Aim of the task: Would you print only the lines running from the one with "Humdani Game Lodge" to the final line of the data below, word for word and without pictures?

Dataset content:
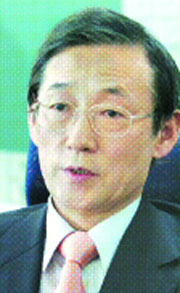 이장무총장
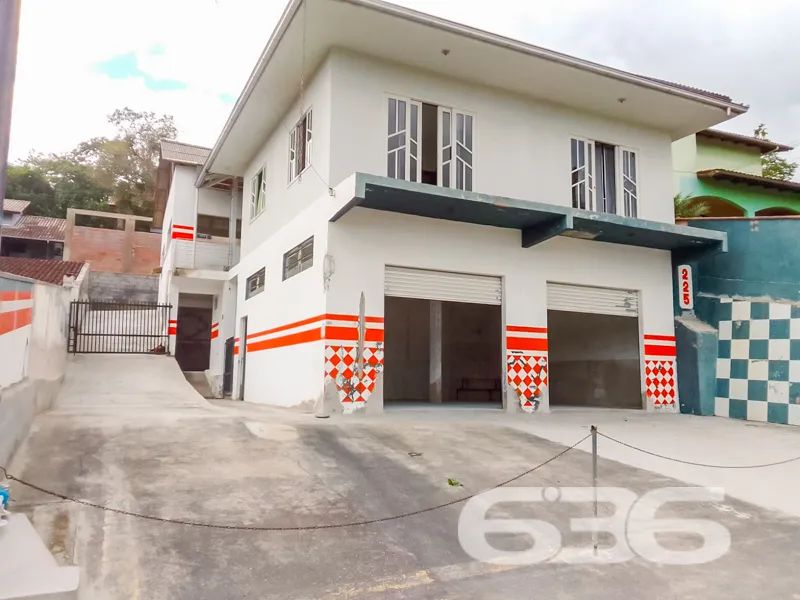 Comercial | Joinville | Santa Catarina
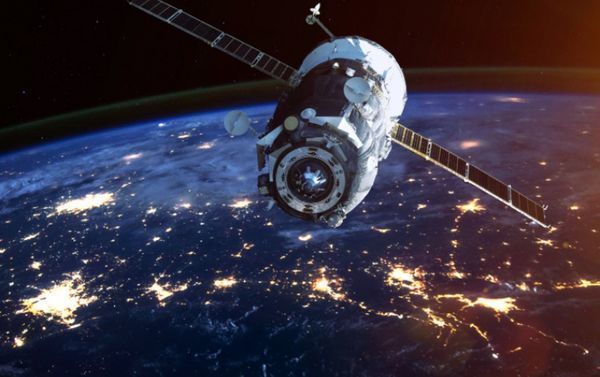 Amazon wants to launch thousands of satellites so it can offer broadband internet from space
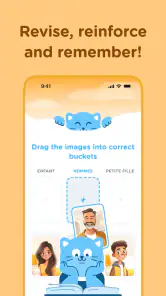 Airlearn - Taal Leren screenshot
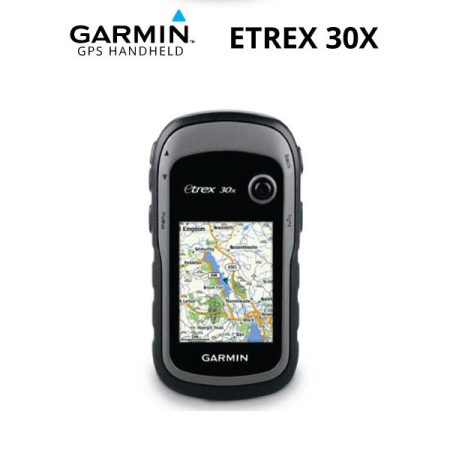 Garmin GPS eTrex 30x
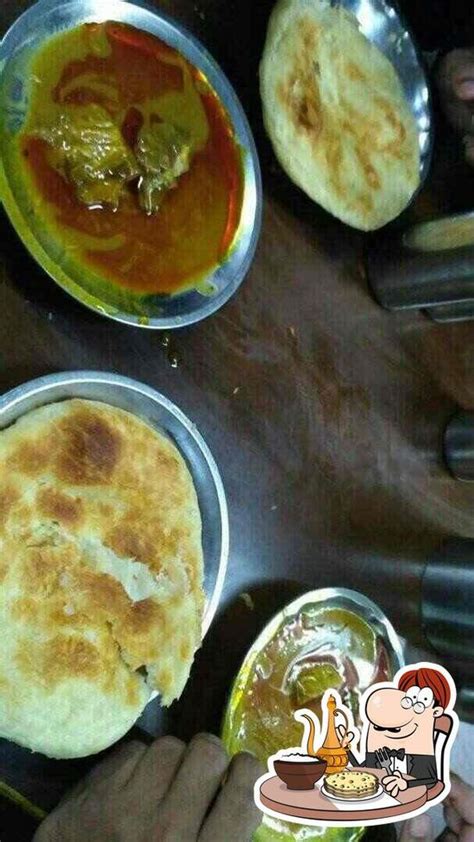 Mubeen's, Lucknow - Restaurant menu and reviews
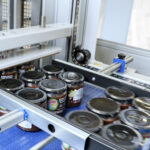 Automatyczna zgrzewarka do zgrzewek FA802ALV‑600RP - obrazek 4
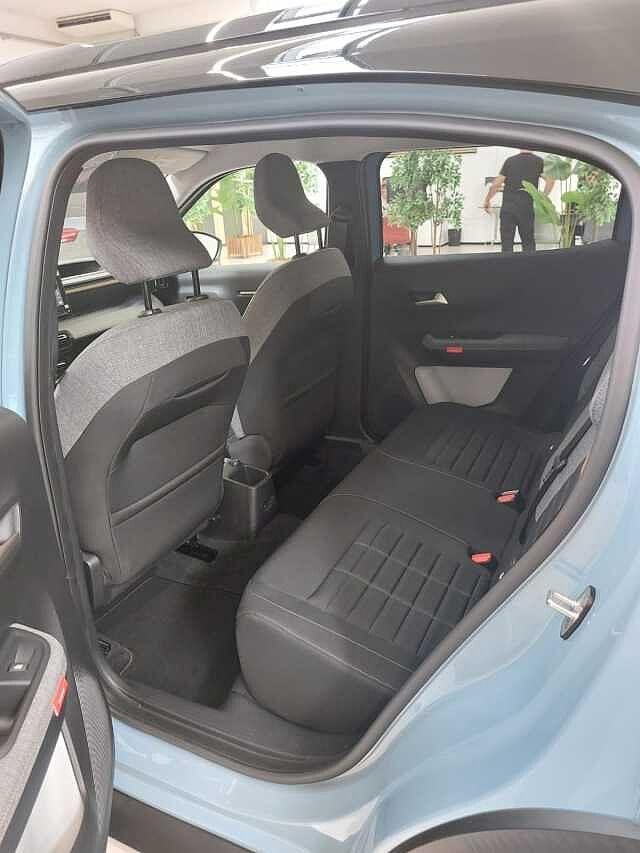 Citroen C3 Aircross 100 CV YOU!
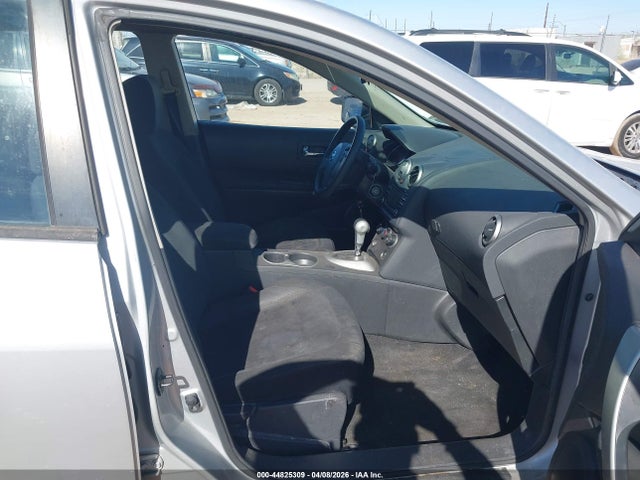 Продажа на аукционе авто 2014 Nissan Rogue Select S, vin: JN8AS5MT9EW613372, номер лота: 44825309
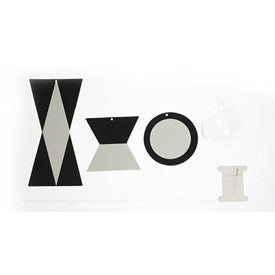 Munari-Beechwood stick Finished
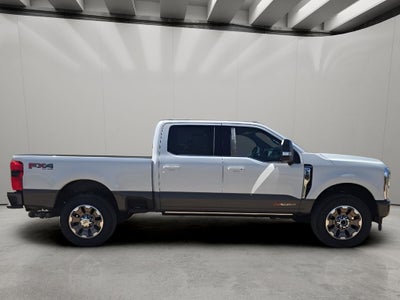 2026 Ford Super Duty F-250 Pickup SP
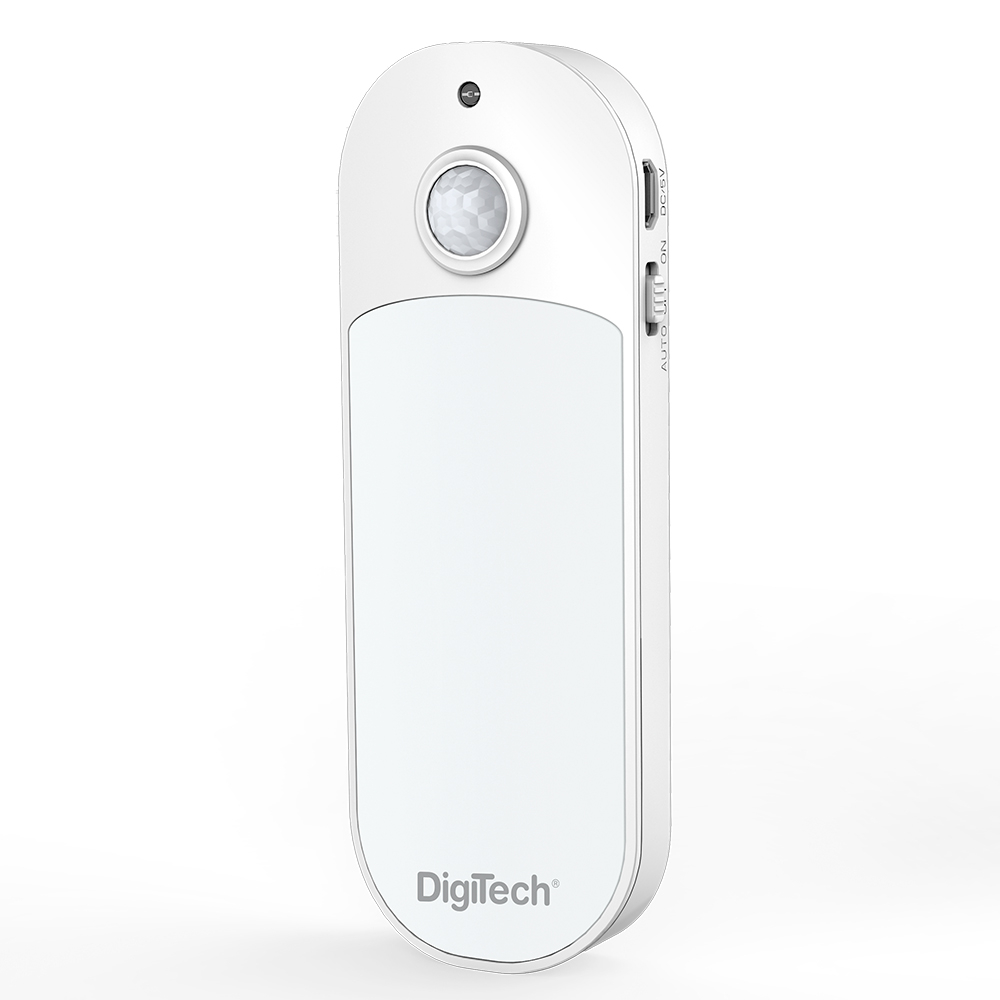 R200 off on DigiTech 2x Motion Night Lights | OneDayOnly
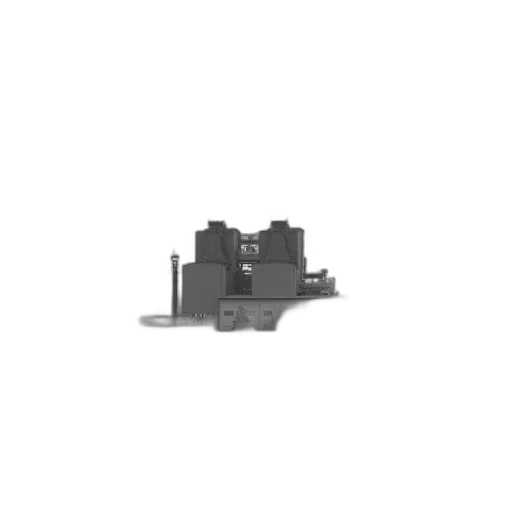 robot, crown, car, weapon, pixel art, 3d render, concept art, photorealistic transparent PNG cut-out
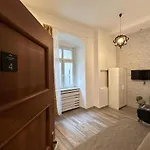 Golebia Apartment Posen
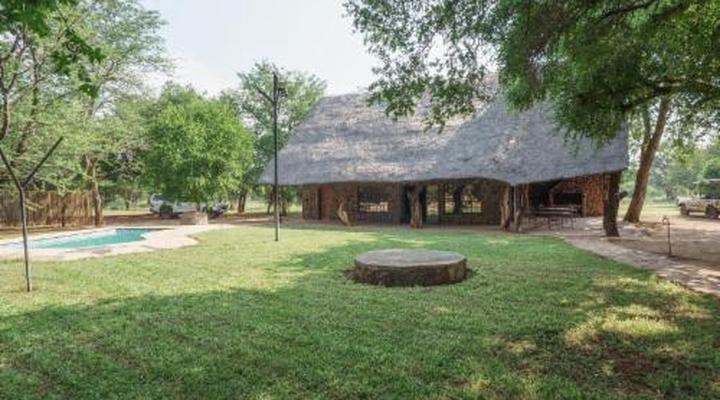 Humdani Game Lodge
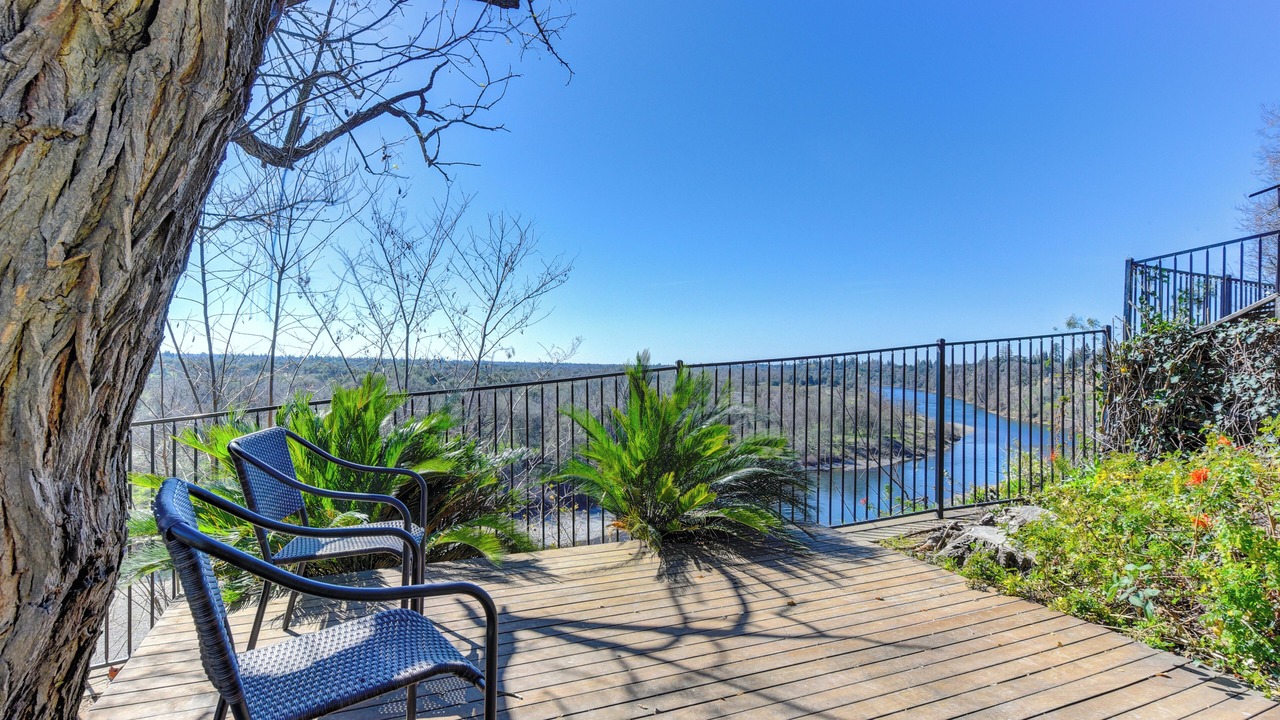 Photo of Patio Balcony in Fair Oaks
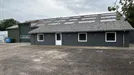 Erhvervslokaler til leje, Sunds, Gl. Sundsvej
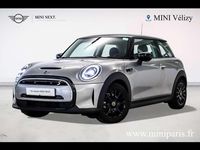 Occasion Mini Cooper SE Premium 136 kW (186 ch) 2024 Argent Citadine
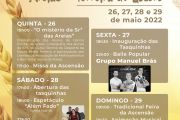 Feira da Ascensão 2022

Worked solution:
 Humdani Game Lodge
 Photo of Patio Balcony in Fair Oaks
 Erhvervslokaler til leje, Sunds, Gl. Sundsvej
 Occasion Mini Cooper SE Premium 136 kW (186 ch) 2024 Argent Citadine
 Feira da Ascensão 2022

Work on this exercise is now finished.